In retrospect, the pre-game pro-Steelers talk might not have seemed so offensive if it hadn't continued at the start of the game telecast with Jim Nantz and Phil Simms. I like Simms and Nantz in a lot of ways, but right out of the box, Simms is mimicking the wisdom back at CBS Sports headquarters.
"The Pittsburgh Steelers are coming in on a high," Simms told viewers at the top of the telecast.
"It's the exact opposite for Joe Flacco and the Ravens. Their offensive line is in disarray."
Simms did semi-acknowledge his flawed critique in the last couple of minutes of the telecast, saying, "All week long, I've been saying it's going to be tough with the Ravens offensive line -- I don't how they're going to do it."
He almost apologized for his wronghedaded analysis, but not quite. Simms and Nantz acted like they had access to inside Ravens thinking all week.

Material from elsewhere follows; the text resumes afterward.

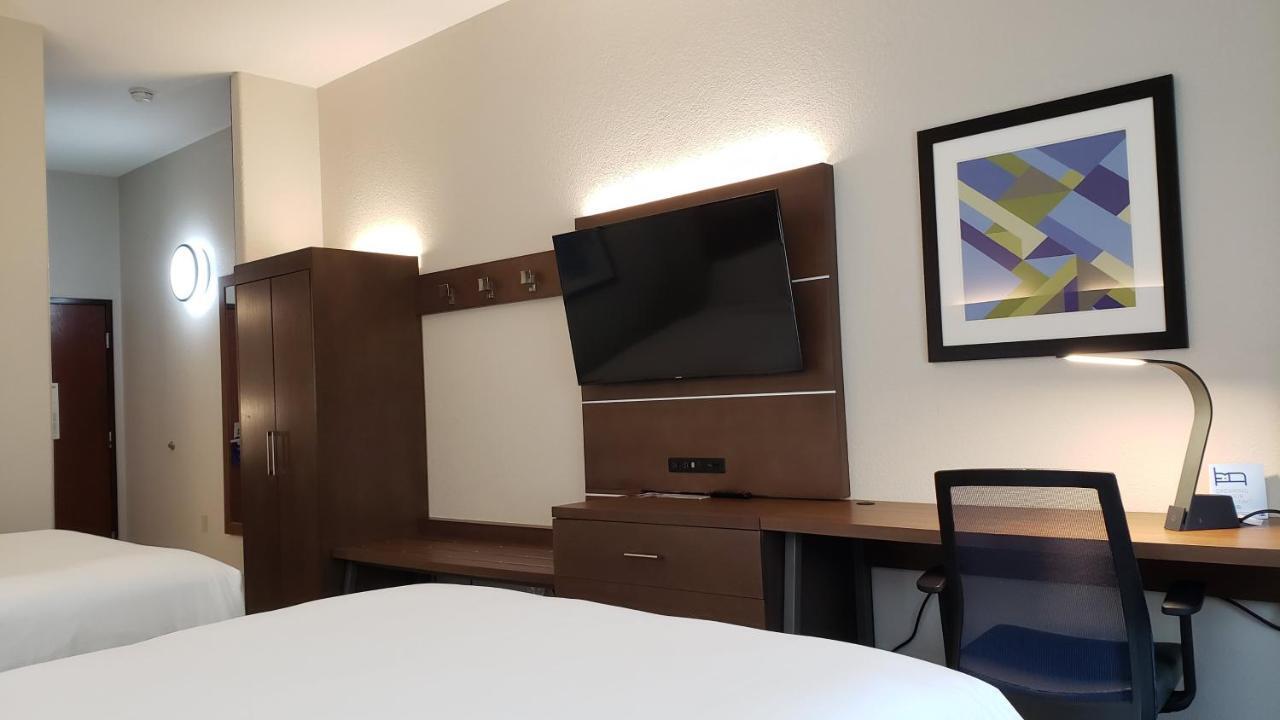 Holiday Inn Express Hotel And Suites Weslaco By Ihg Eksteriør billede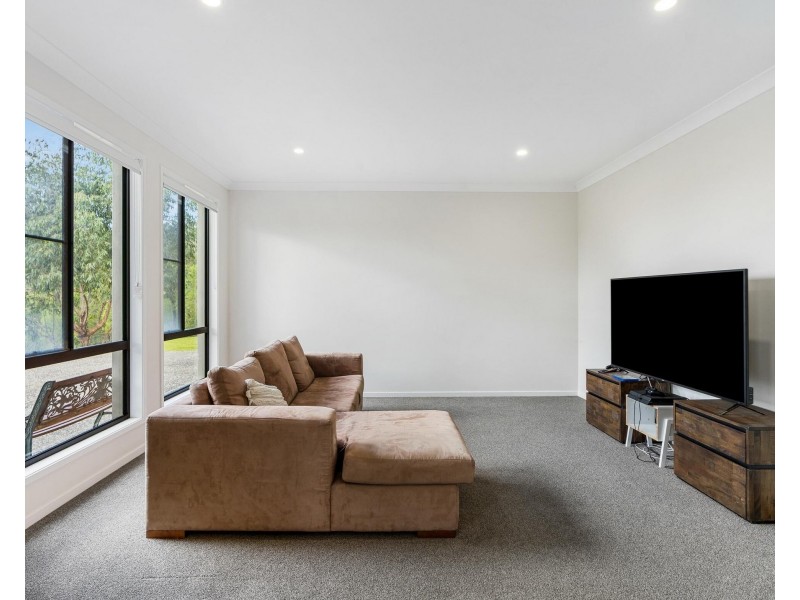 77 Whiptail Place, Advancetown QLD 4211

But if that is true, they would have at least mentioned the local mantra, "In Ozzie We Trust" -- the belief that General Manager Ozzie Newsome can almost always pull a rabbit out of the hat as he did again with the signing of offensive tackle Bryant McKinnie.
But here are a couple of things I really did like about the telecast Sunday: the 9/11-related ads and the way the CBS crew got out of the way for the pre-game remembrance of 9/11. The images and the music were what mattered -- not anything an announcer could say.
Verizon, Budweiser and State Farm all produced tastetful, powerful and respectful ads for the 10th anniversary of one of the darkest says in the nation's life. And for once, the ads enriched and elevated the entire telecast.